The European Union leaders gathered in Brussels today for a two-day summit crucial to the future of the euro in the shade of growing divisions between the two powerhouses of the 17 nation bloc as German leader Angela Merkel once again firmly opposed to throwing money at struggling banks or poorly-run economies.

Chancellor Merkel showed no sign of relenting in her refusal to back other countries’ debts at a meeting with France’s just-elected leader François Hollande in Paris a day before the EU summit. 

“Nein! No! Non!” shouted a headline splashed across the front page of the normally sober German business daily Handelsblatt, with a commentary by its editor-in-chief saying Merkel must remain firm at the two-day summit.

“I say we need more Europe and I think we are in agreement there. We need a Europe that functions effectively, markets are looking for this, and a Europe where countries help each other,” Merkel said in a brief statement before the Paris meeting.

“This is a summit where we will take important decisions,” said EU president Herman Van Rompuy on opening the EU summit. 

“Europeans expect no less from us.” 

The 27 EU heads of state and government began talks in the afternoon with the world anxiously awaiting a grand plan to save the single currency from a collapse with unfathomable global repercussions.

European stock markets and the euro slid in anticipation of the summit after a week that saw Greek
Cyprus and Spain, the eurozone’s fourth economy, join earlier victims of the two-and-a-half year crisis, Greece, Portugal and Ireland.

“There will be a domino effect across all of Europe. We need emergency measures,” said Belgian premier Elio Di Rupo as he joined counterparts.

With Italy, the eurozone’s third-largest economy, also under threat, leaders of Europe’s “big two”, France and Germany, headed into Brussels careful to show unity despite their divisions. 

“I have come to find very quick solutions to support the countries facing the biggest problems in the markets,” Hollande said in a clear reference to Italy and Spain.

“Growth must be at the heart of our commitments,” Hollande added in reference to a growth pact of between 120 billion and 130 billion euros to be debated at the summit.

Weighing in behind the new French leader, Merkel agreed Europe needed growth to revive sluggish economies economies facing record 11 percent joblessness.

Hollande, along with Italian leader Mario Monti, also favors dipping into the eurozone’s 500-billion-euro rescue pot to help Spain’s distressed banks or buy bonds of virtuous economies whose borrowing costs are soaring due to market pressure.

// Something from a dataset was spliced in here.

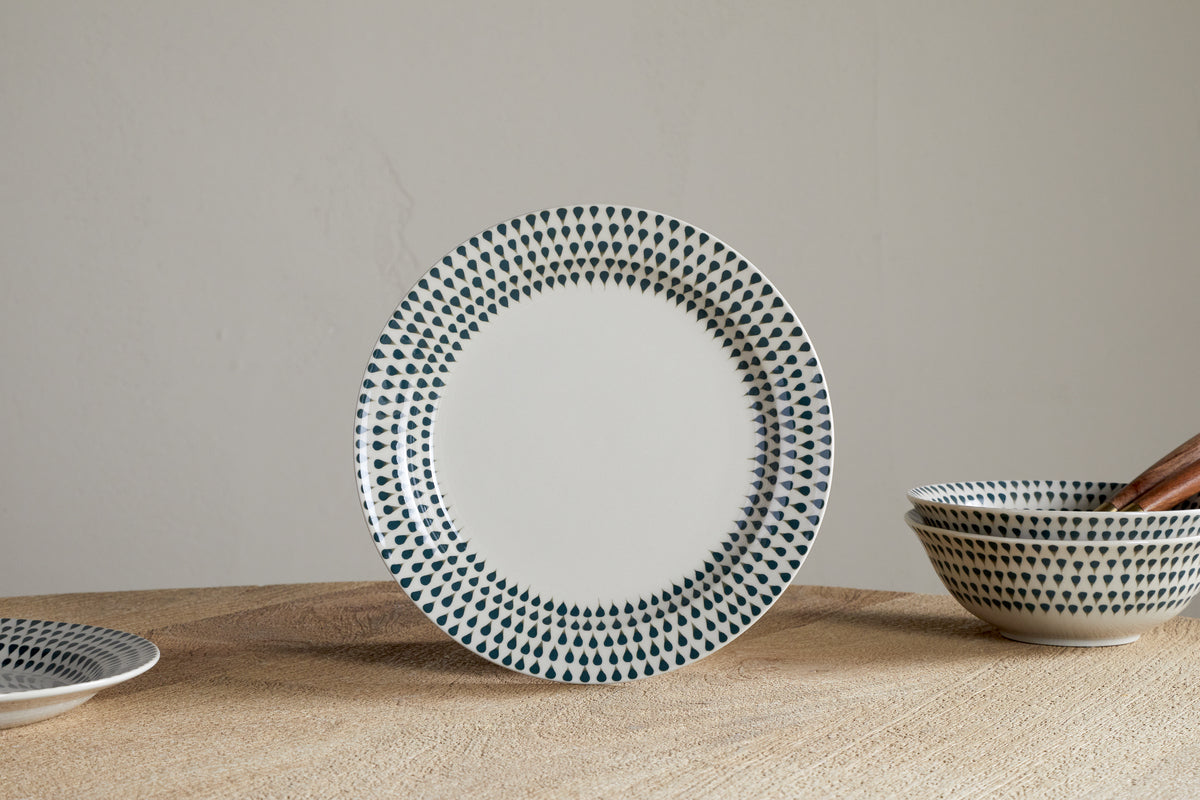 The nkuku Juniper Drop Dinnerware Set - Cream & Juniper (Set of 12) features a white ceramic plate with blue drop details on the rim, standing upright on wood, with matching bowls and a plate displayed nearby against a light wall.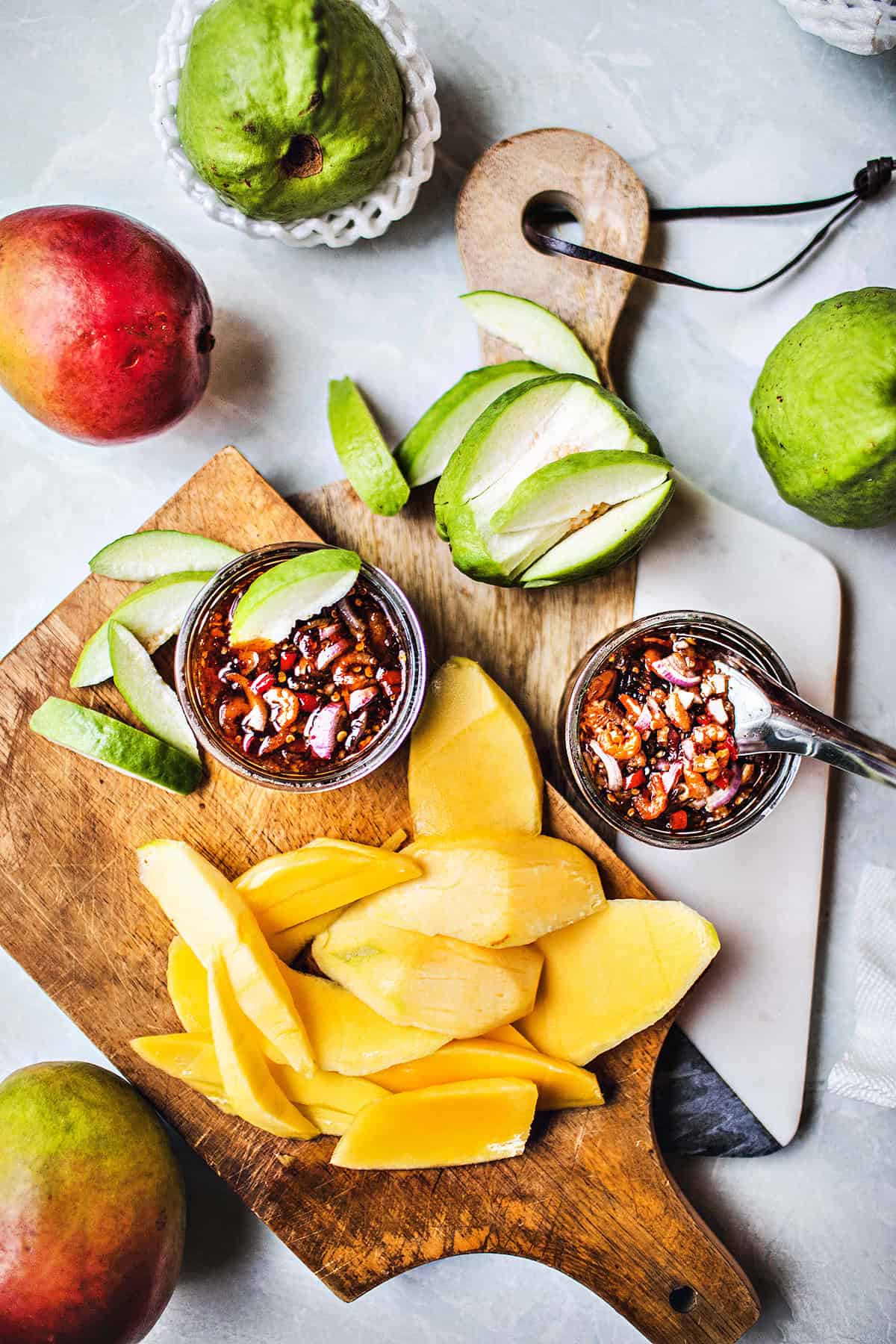 Mango dipping sauce in small bowls with mango slices.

Greek Cyprus should not take over the rotating presidency of the European Union next month because it has sought emergency funding, the head of a business group linked to Merkel’s conservatives said on June 26.

“This is the paradox of the European Union, that the dog should be put in charge of the supply of sausages!” said Kurt Lauk, president of the economic advisory board of center-right Christian Democrats.